Dealing with Transience
To greatly abuse numbers, I'd suggest that transient players make up 80+% of the MMO market - that's the approximately 5 million NA/EU WoW subscribers versus the approximately 500,000 subscribers to the most successful MMO's that pre-dated WoW. Some portion of that increase may be the fabled Blizzard "quality"/"polish", the popularity of the IP from previous games, etc. However, I just don't think that these things account for an order of magnitude. Instead, I believe the additional numbers are transient players, who Blizzard chose to invite into a previously closed genre by allowing them to solo to the level cap.

The challenge ever since has been how to entertain transient players now that they are here, providing the majority of the revenue for the genre and voting down the extended players (including the EQ1 vets who now work as developers at places like Blizzard) on questions about whether it's appropriate for expansion storylines to culminate in raid zones that only elite players can complete. 

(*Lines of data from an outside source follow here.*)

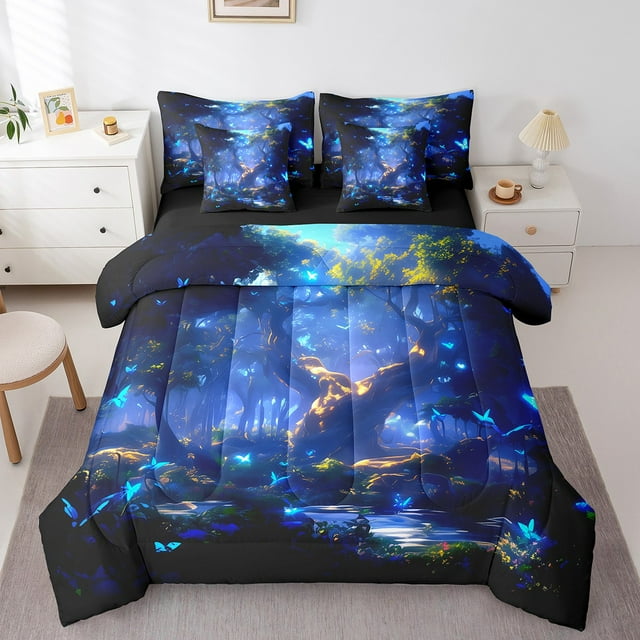 YST Magical Jungle 7-Piece Comforter Set, Wildlife Theme, Queen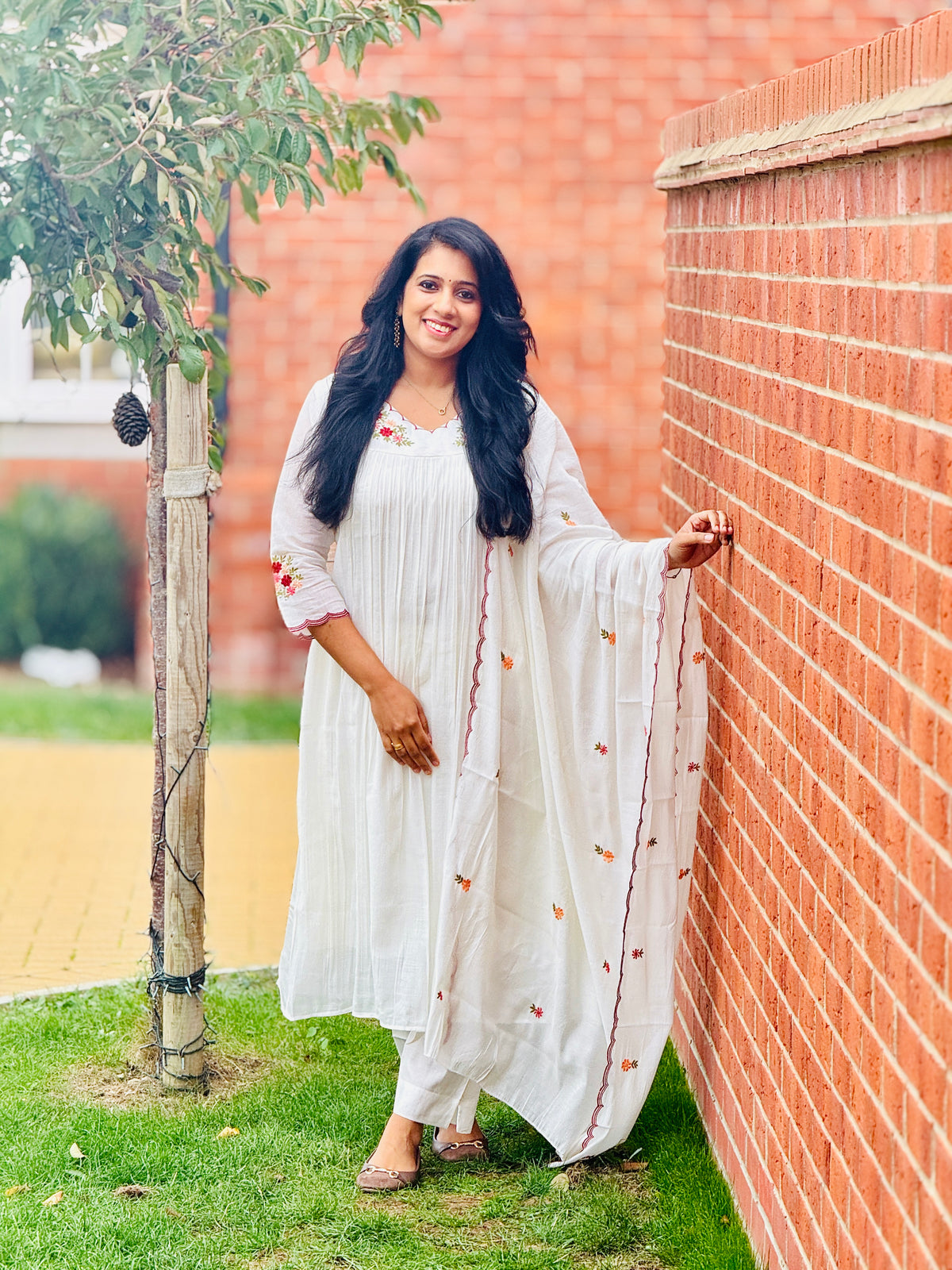 Off- White Premium Anarkali Set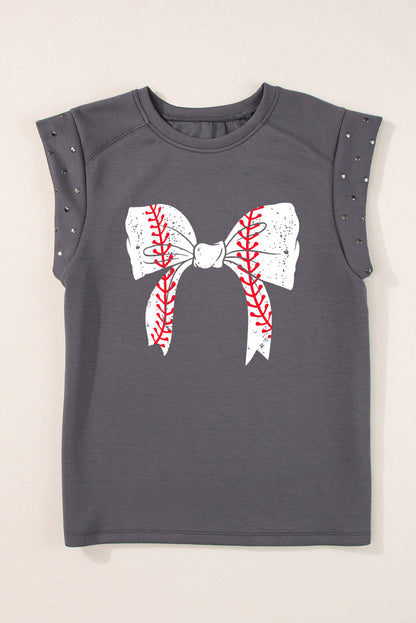 T-shirt à manches cloutées avec nœud papillon de baseball gris foncé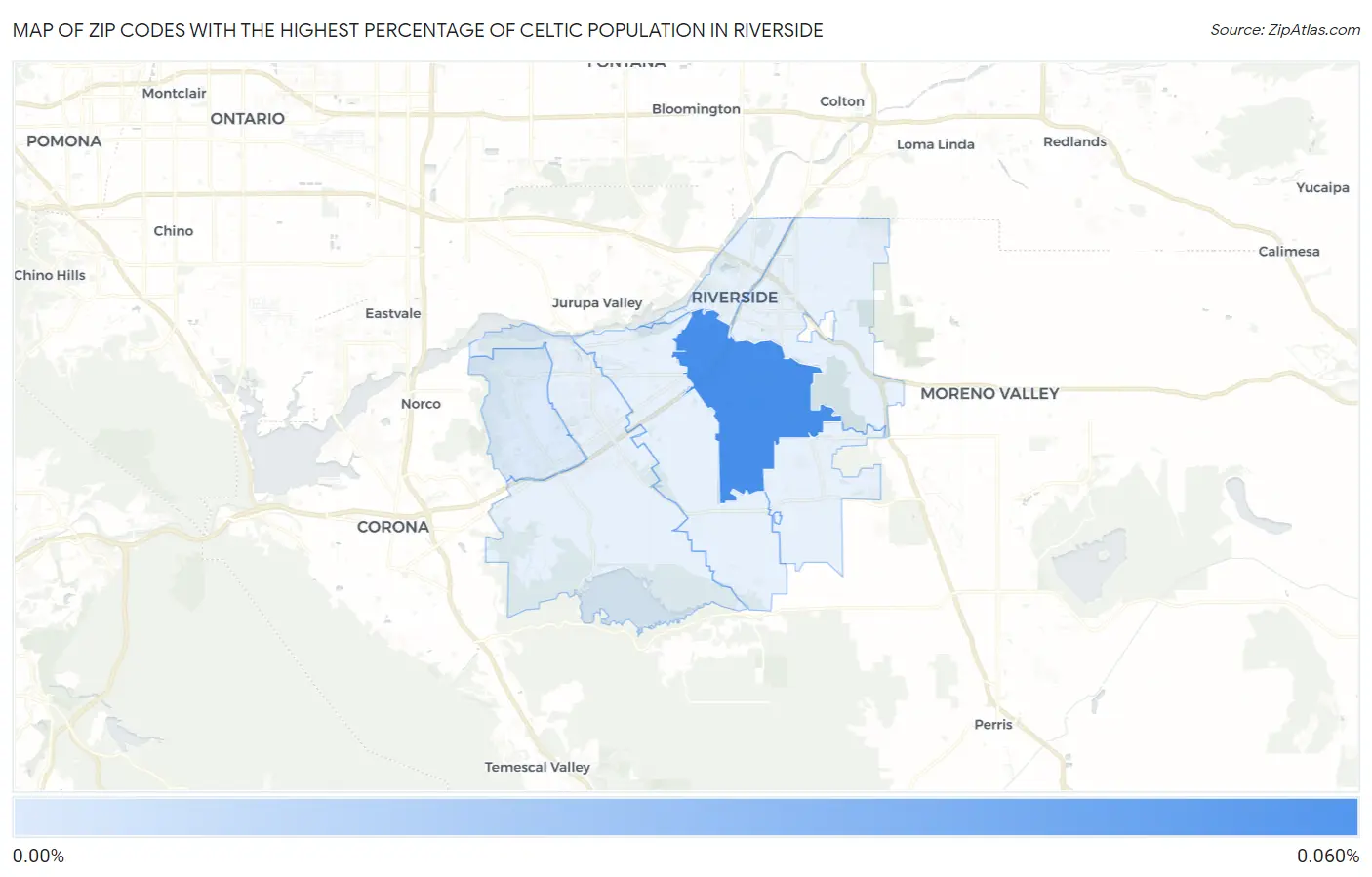 Zip Codes with the Highest Percentage of Celtic Population in Riverside Map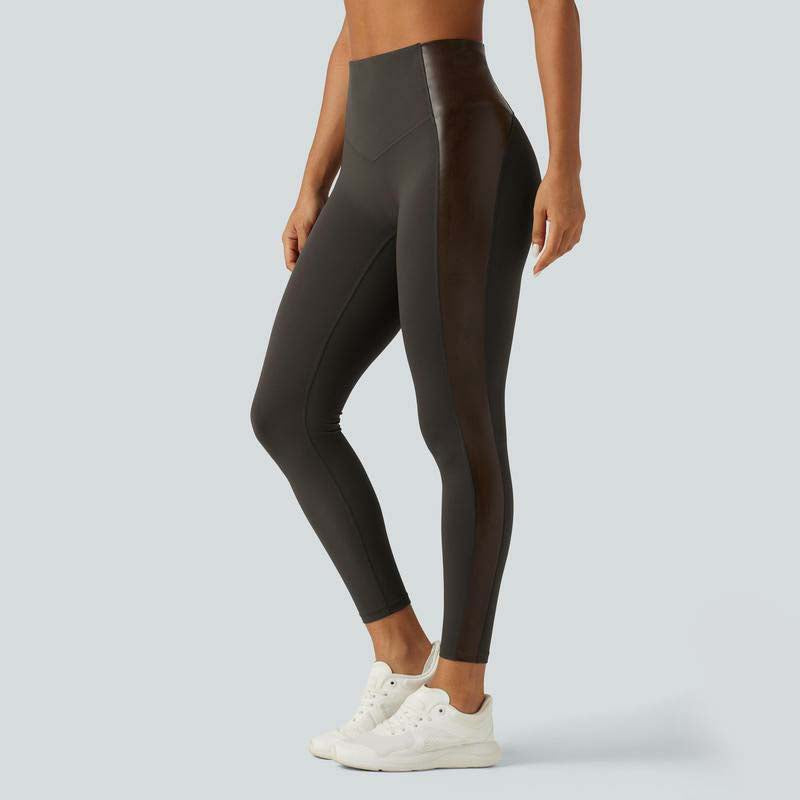High Waisted Stretchy PU Tummy Control Yoga Leggings with Pocket 🖤✨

Some games, like LOTRO, have effectively punted - that game's core story is now soloable, with group content as an optional additional-fee add-on.  Others have struggled to find the resources to tack a solo game onto a model that was intended for something else.  Meanwhile, a few hold-outs, notably WoW, have tried to hold the line for the extended old-guard, selling everyone the same expansion with the same storyline, but reserving the ending for not merely regular raids but harder "heroic" raids, with heroic-only encounters like Sinestra and the final phase of the Firelands Ragnaros encounter. 

Continuing the trend?
Assuming that this does play out the way it sounds like it will, transient players will indeed get to see all of the zones in the game.  The real question I'm wondering about is "why".  If the answer was "to provide more content, without having to re-design raids for 5 players", this plan would make sense.  However, according to the interview summary, the one of the goals of the system is to teach players how to raid for future efforts in the "real" difficulty settings.  If so, I believe the effort is doomed to failure because it continues the mistake that Rohan pointed out - the belief that somehow players who are paying to play a game on their own schedules can be convinced to switch over to more structured raid schedules, if only they can be made to see the light.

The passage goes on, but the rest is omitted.